§ PROBLEM TO WORK ON: Please repeat every record below exactly as written, but leave out the pictures.

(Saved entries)

((

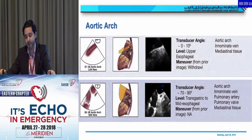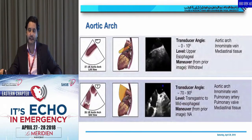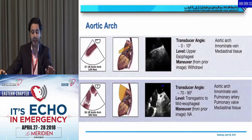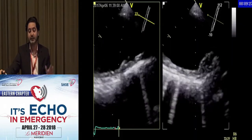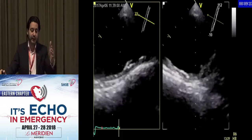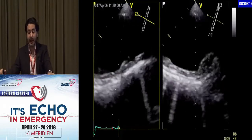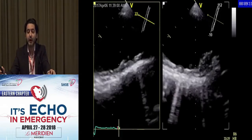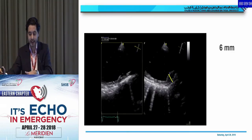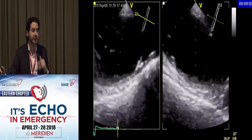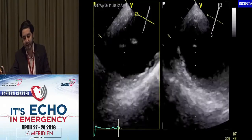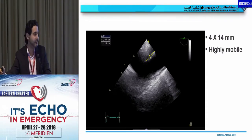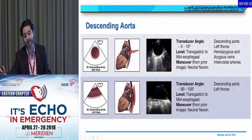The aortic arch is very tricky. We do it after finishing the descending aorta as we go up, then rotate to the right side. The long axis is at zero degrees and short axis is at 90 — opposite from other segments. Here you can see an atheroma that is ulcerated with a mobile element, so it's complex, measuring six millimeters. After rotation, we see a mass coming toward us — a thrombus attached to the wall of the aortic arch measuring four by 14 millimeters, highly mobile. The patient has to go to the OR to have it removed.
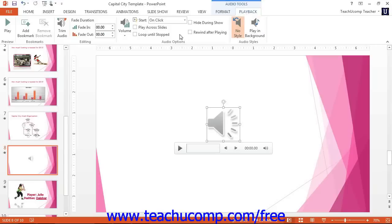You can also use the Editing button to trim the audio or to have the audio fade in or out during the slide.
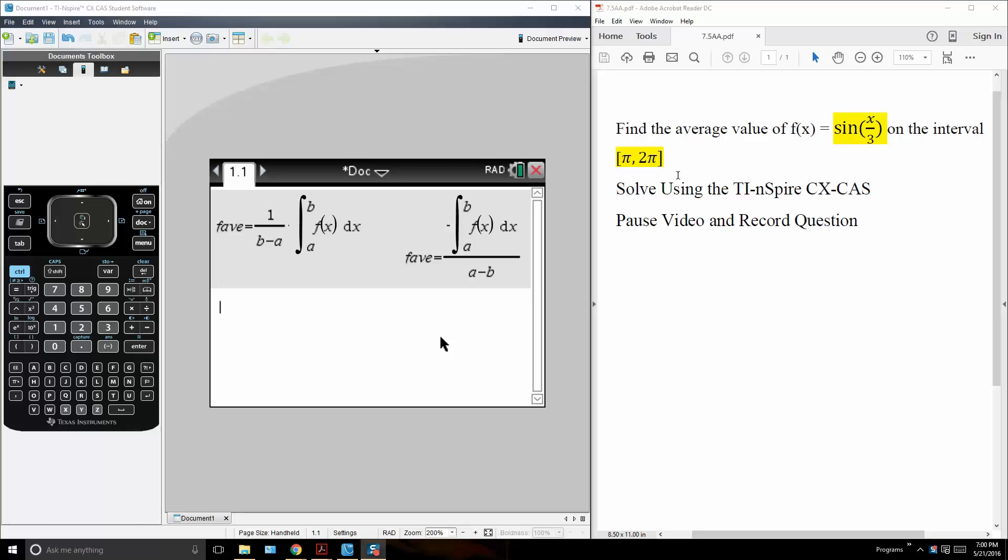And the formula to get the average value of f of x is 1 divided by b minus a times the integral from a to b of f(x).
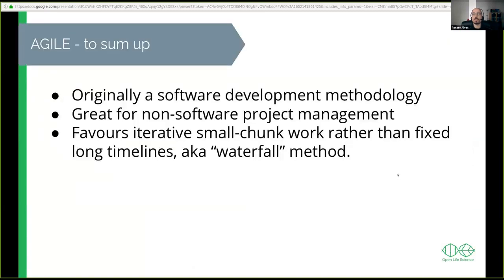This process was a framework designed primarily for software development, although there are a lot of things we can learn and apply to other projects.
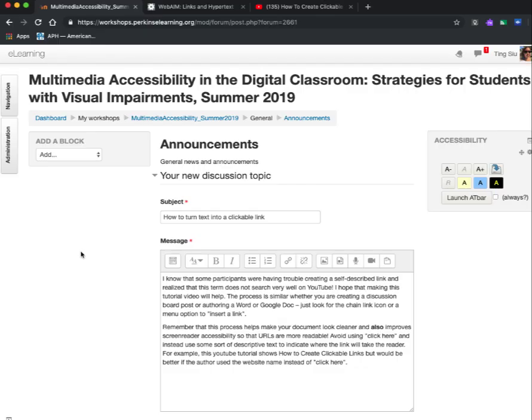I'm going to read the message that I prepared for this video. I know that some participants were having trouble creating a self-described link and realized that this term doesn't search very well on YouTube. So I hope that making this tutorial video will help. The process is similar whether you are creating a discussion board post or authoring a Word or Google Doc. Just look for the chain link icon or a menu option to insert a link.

))

§ RESPONSE TO THE EXERCISE:
The aortic arch is very tricky. We do it after finishing the descending aorta as we go up, then rotate to the right side. The long axis is at zero degrees and short axis is at 90 — opposite from other segments. Here you can see an atheroma that is ulcerated with a mobile element, so it's complex, measuring six millimeters. After rotation, we see a mass coming toward us — a thrombus attached to the wall of the aortic arch measuring four by 14 millimeters, highly mobile. The patient has to go to the OR to have it removed.
You can also use the Editing button to trim the audio or to have the audio fade in or out during the slide.
And the formula to get the average value of f of x is 1 divided by b minus a times the integral from a to b of f(x).
This process was a framework designed primarily for software development, although there are a lot of things we can learn and apply to other projects.
I'm going to read the message that I prepared for this video. I know that some participants were having trouble creating a self-described link and realized that this term doesn't search very well on YouTube. So I hope that making this tutorial video will help. The process is similar whether you are creating a discussion board post or authoring a Word or Google Doc. Just look for the chain link icon or a menu option to insert a link.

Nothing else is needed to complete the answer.